TASK TO COMPLETE =>
Beginning with the line that holds "thumbnail image 6", output every remaining line of the material below exactly, and include none of the pictures.

DATA EXCERPT =>
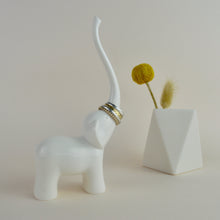 Load image into Gallery viewer, Elephant Ring Display Stand - White - Not a Jewellery Box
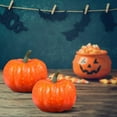 thumbnail image 6 of 12pcs Artificial Small Foam Pumpkins Vegetables Models Realistic Pumpkins Teaching Props for Halloween Autumn Harvest Thanksgiving Home Party Scene Decorations Hotel Accessories, 6 of 7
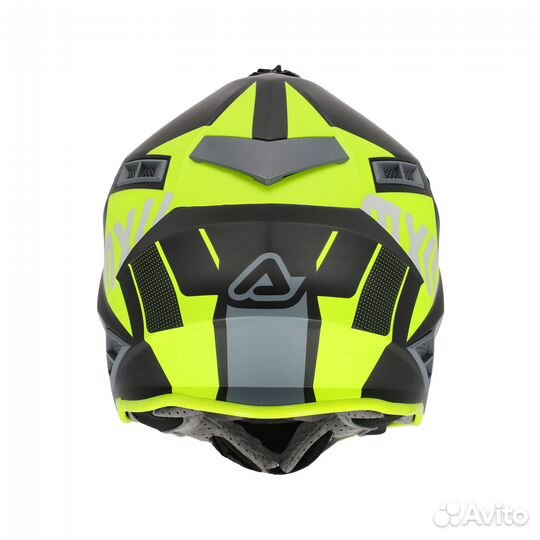 Black/Fluo-Yellow Шлем Acerbis X-track 22-06 V25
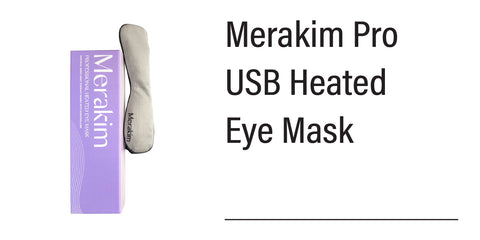 Merakim Professional USB Heat Eye Mask – Adjustable Warm Compress for Dry Eyes, Fatigue Relief, and Tear Film Support from Modal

WRITTEN REPLY =>
 thumbnail image 6 of 12pcs Artificial Small Foam Pumpkins Vegetables Models Realistic Pumpkins Teaching Props for Halloween Autumn Harvest Thanksgiving Home Party Scene Decorations Hotel Accessories, 6 of 7
 Black/Fluo-Yellow Шлем Acerbis X-track 22-06 V25
 Merakim Professional USB Heat Eye Mask – Adjustable Warm Compress for Dry Eyes, Fatigue Relief, and Tear Film Support from Modal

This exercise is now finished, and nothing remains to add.